Problems arise from superfluous economy
By: Jaimie Goldstein
Residents and businesses in Southeast Eugene are less likely to spend money due to the state of the economy and its damaging effects.
With these hard economic times, people in Southeast Eugene appreciate jobs more and are frugal with their money. As the bills pile up, so does the anxiety of how to make ends meet. The economy “has increased my stress a lot,” said one resident.
Katherine Conway is a telephone advice nurse who feels the repercussions of the economy. There’s “more competition” for shifts since hours are getting cut. “More of us want those shifts,” she said.

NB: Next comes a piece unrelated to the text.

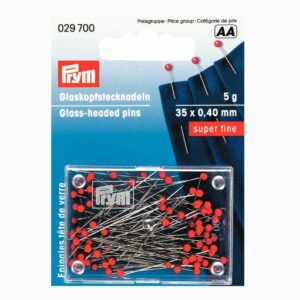 Prym Stecknadeln fein mit Glaskopf rot 35mm 5g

Jiffy Market has increased its customer relationships by selling mostly to regulars. Beer sales are constantly up and down, but high-priced wine sales have declined.

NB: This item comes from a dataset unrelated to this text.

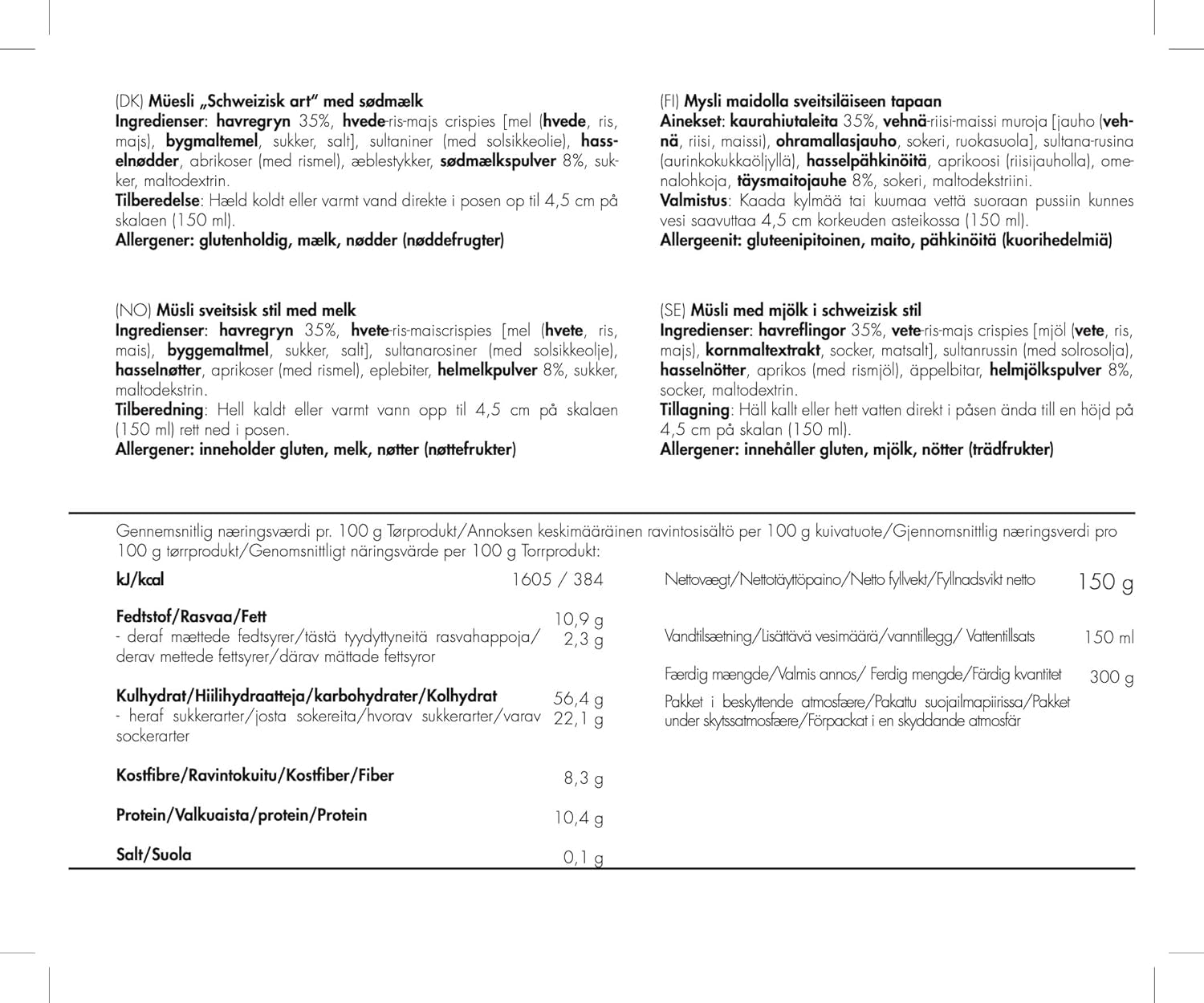 Trek'n Eat švýcarské müsli se sušeným mlékem (balení 2 ks)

A well-established Italian restaurant in its fortieth year, Mazzi’s, hasn’t been affected by the turbulent times though. General Manager, Mason Ambo, said employment is steady. During the slow seasons in January, February and March, he may cut a server or hostess, otherwise it’s “fairly consistent.”
Glenn Wells, a cashier at Jiffy Market, was jobless for two to three months. He is currently employed because a long-term employee quit and Wells replaced him. Jiffy Market is more likely to “replace than expand,” said Wells.
The job at Jiffy Market “has made me happier to have a job,” said Wells, who thinks “people are less inclined to splurge” because of the state of the economy.
Ambo is now “more cautious” in how he spends money.
Conway was at JC’s Laundry because her washer broke. She can’t afford to replace it since her husband, a middle school teacher, keeps getting his days cut. Using the laundromat every two weeks cost Conway sixty to eighty dollars for a family of five.
With an increase in stress and an inability to pay the bills, Conway and her family have had to visit the food bank a couple of times. She said it was an emotional experience.
As a nurse, Conway said she receives more calls about depression and anxiety. Her callers’ stress relates to money and insurance companies. She also receives more calls because families cannot afford to pay to see a doctor in person.
When big companies lay off five hundred people, the effects trickle down to everyone. “In our town, that’s a lot of people,” said Conway.